Top of Material provided

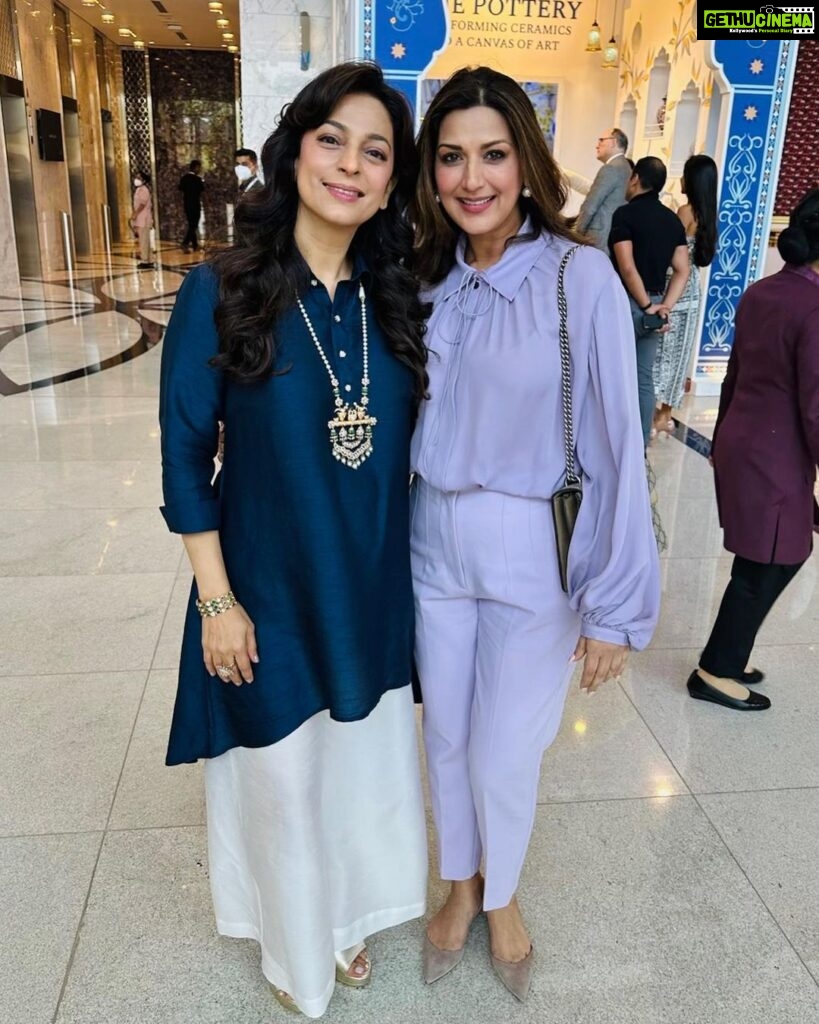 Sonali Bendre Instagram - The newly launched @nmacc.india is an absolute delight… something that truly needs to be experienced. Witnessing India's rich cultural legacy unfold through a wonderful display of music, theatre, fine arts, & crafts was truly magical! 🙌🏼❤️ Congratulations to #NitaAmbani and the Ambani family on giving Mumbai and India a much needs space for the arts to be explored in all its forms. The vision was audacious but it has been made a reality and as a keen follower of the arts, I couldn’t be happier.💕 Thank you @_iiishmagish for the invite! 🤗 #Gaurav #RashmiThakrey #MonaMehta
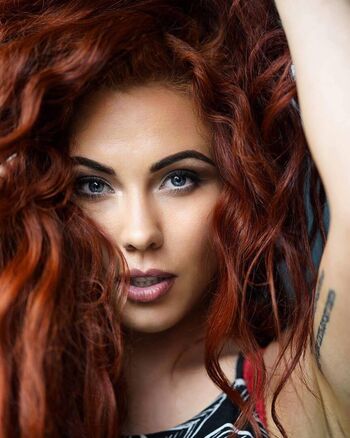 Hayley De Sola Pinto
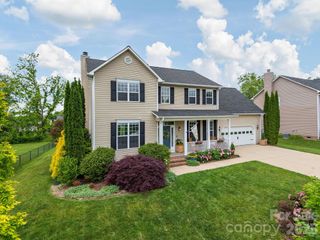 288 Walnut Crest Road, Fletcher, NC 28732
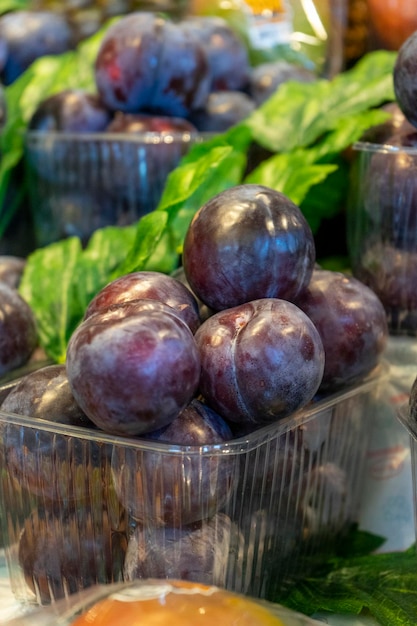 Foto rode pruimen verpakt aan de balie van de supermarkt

Bottom of Material provided

→ **Required action**: Pictures stay out. Copy exactly, and only, the lines from the one containing "288 Walnut Crest Road, Fletcher, NC 28732" through the end of the data.

→ **Exercise solution**:
 288 Walnut Crest Road, Fletcher, NC 28732
 Foto rode pruimen verpakt aan de balie van de supermarkt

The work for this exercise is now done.